The generating rule for both of these sequences is basically identical, except A094331 uses $\lt$ and A075357 uses $\le$. This made me curious whether both sequences are actually identical (and I'm not the first; David Wasserman commented the same thing when he was adding more terms to A075357.) For the purposes of the OEIS, the sequences are technically different, because A094331(1) = 1 and A075357(1) = 0 (i.e. for $n=1$ and $k=0$, $\frac{(n+k)!}{n!} = n!$.)

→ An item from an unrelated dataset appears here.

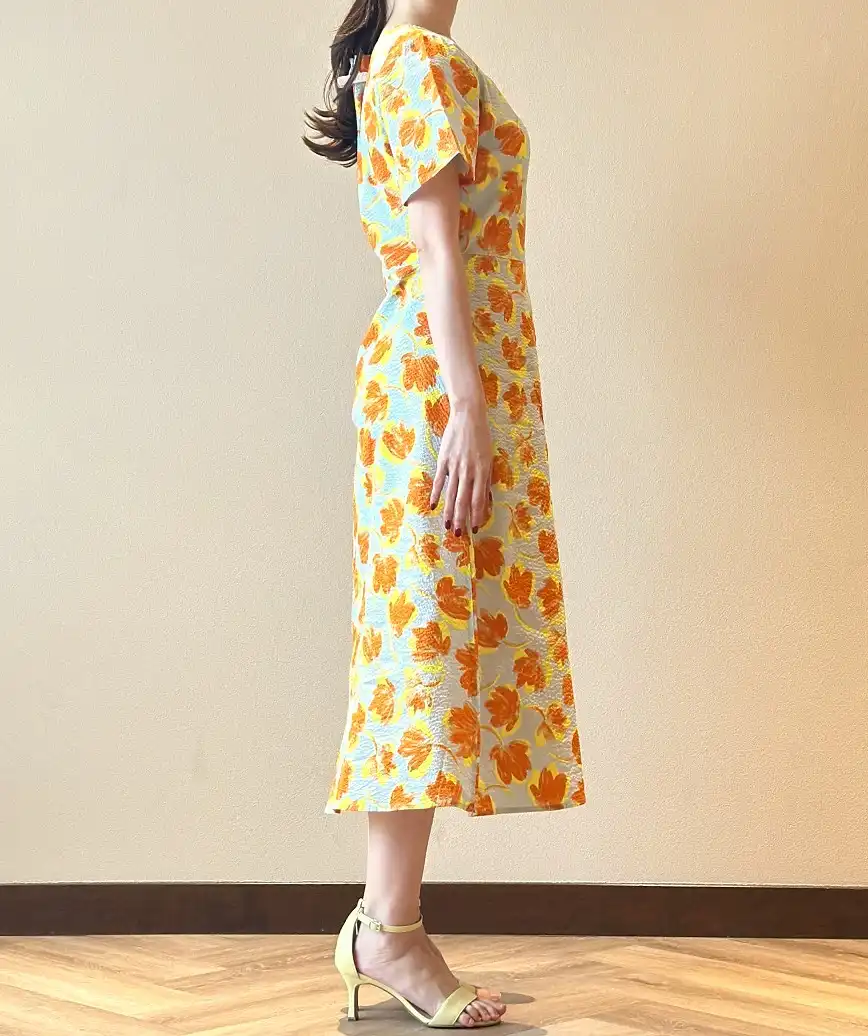 着用モデル：H164cm／体重：48kg／着用サイズS-Mサイズ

In approaching this problem, I first tried computational brute forcing. For values of $n$ from 2 to 1000000, $n \ne k$. However, this approach is obviously limited. Since my ability in number theory is very weak, I was wondering if anyone with a greater knowledge of number theory may be able provide a definitive answer to this question.

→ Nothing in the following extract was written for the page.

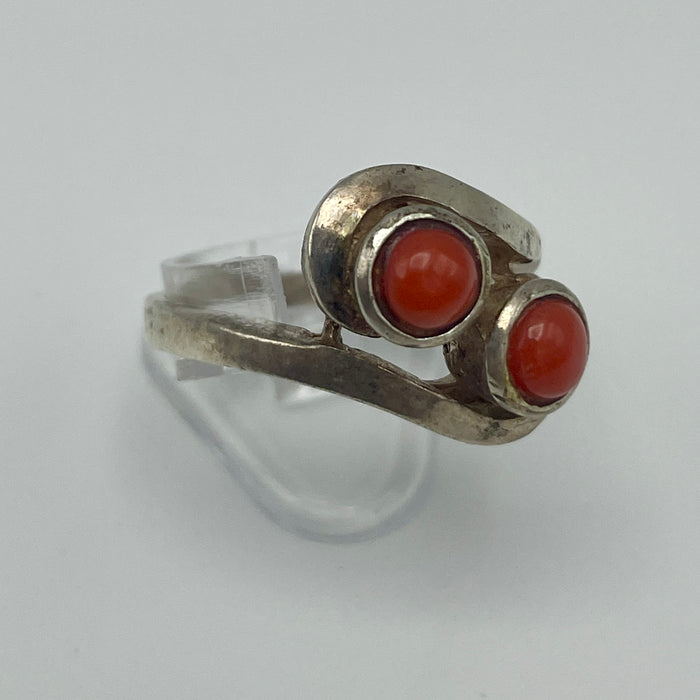 Anello contrariè corallo argento 925 Italia 1970 ca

 A: By a theorem of Chebyshev, there exists for any integer $n > 1$ a prime $p$ with $n < p < 2n$. Hence $(2n)!$ and $(2n+1)$! are not perfect squares, since they're divisible by $p$ but not $p^2$. It follows that $(n+k)!/n! \not = n!$ for any integers $n, k > 0$.
A: The only cases where those two sequences would differ would be when $n! = \frac {(n+k)!}{n!}$ or $(n+k)! = (n!)^2$ and that is the only time you can have $n! \le \frac {(n+k)!}{n!}$ and $n! < \frac {(n+k)!}{n!}$ not both be true or not both be false.
anomaly's answer explains why that can never for $n > 1$.  
I just want to add that if $n = 1$ then this is $(k+1)! = 1$ which is true only if $k =0$.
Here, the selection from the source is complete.